What this task involves: Reproduce exactly, and only, the lines below from the one containing "Oriental Handmade Blue" through the one containing "コンプレッションウェア メンズ 上下セット".

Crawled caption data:
------------------------

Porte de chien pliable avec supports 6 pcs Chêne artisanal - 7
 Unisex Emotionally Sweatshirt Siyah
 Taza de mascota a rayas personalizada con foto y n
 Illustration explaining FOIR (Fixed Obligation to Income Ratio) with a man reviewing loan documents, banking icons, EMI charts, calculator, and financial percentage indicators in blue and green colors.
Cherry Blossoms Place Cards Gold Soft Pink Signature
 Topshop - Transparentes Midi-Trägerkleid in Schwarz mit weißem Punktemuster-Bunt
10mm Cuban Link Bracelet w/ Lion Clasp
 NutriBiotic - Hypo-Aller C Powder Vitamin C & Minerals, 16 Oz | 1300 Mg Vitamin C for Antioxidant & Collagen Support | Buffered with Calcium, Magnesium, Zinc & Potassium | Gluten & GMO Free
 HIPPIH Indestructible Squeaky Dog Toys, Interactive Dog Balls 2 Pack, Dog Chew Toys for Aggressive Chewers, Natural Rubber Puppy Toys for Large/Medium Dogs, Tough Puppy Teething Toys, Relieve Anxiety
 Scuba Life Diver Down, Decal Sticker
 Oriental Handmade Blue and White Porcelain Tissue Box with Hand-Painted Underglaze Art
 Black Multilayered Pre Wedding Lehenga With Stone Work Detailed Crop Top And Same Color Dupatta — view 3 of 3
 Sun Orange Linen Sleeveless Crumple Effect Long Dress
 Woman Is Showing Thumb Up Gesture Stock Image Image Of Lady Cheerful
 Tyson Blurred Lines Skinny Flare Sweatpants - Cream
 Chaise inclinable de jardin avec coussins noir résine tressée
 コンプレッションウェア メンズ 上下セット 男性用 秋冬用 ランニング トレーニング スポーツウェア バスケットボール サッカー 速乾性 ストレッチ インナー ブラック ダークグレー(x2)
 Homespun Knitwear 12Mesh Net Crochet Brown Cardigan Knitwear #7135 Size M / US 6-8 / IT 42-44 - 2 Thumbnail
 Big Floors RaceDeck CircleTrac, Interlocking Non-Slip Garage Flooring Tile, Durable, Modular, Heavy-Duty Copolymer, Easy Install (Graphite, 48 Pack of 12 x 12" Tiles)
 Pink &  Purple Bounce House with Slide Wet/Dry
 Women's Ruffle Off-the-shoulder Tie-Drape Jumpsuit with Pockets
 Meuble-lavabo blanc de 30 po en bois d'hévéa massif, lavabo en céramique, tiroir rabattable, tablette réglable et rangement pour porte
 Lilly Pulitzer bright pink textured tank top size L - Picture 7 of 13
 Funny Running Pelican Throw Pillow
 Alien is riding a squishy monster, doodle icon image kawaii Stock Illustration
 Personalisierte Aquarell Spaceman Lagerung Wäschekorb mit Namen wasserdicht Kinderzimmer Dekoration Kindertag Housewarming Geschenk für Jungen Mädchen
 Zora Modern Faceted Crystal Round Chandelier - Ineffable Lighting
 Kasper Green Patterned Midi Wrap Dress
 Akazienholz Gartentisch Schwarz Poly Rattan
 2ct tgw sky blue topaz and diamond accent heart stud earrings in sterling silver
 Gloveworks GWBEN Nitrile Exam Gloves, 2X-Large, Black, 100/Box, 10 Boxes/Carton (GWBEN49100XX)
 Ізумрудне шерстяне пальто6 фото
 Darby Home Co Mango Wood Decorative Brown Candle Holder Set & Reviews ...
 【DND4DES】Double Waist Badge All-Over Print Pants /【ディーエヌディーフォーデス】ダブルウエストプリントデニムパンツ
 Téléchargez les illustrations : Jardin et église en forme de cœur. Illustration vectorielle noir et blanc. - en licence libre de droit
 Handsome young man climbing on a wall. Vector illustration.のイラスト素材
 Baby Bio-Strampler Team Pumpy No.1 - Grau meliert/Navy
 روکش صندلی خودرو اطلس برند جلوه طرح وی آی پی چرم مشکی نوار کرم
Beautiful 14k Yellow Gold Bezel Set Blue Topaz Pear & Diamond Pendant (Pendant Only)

------------------------

Solved problem:
 Oriental Handmade Blue and White Porcelain Tissue Box with Hand-Painted Underglaze Art
 Black Multilayered Pre Wedding Lehenga With Stone Work Detailed Crop Top And Same Color Dupatta — view 3 of 3
 Sun Orange Linen Sleeveless Crumple Effect Long Dress
 Woman Is Showing Thumb Up Gesture Stock Image Image Of Lady Cheerful
 Tyson Blurred Lines Skinny Flare Sweatpants - Cream
 Chaise inclinable de jardin avec coussins noir résine tressée
 コンプレッションウェア メンズ 上下セット 男性用 秋冬用 ランニング トレーニング スポーツウェア バスケットボール サッカー 速乾性 ストレッチ インナー ブラック ダークグレー(x2)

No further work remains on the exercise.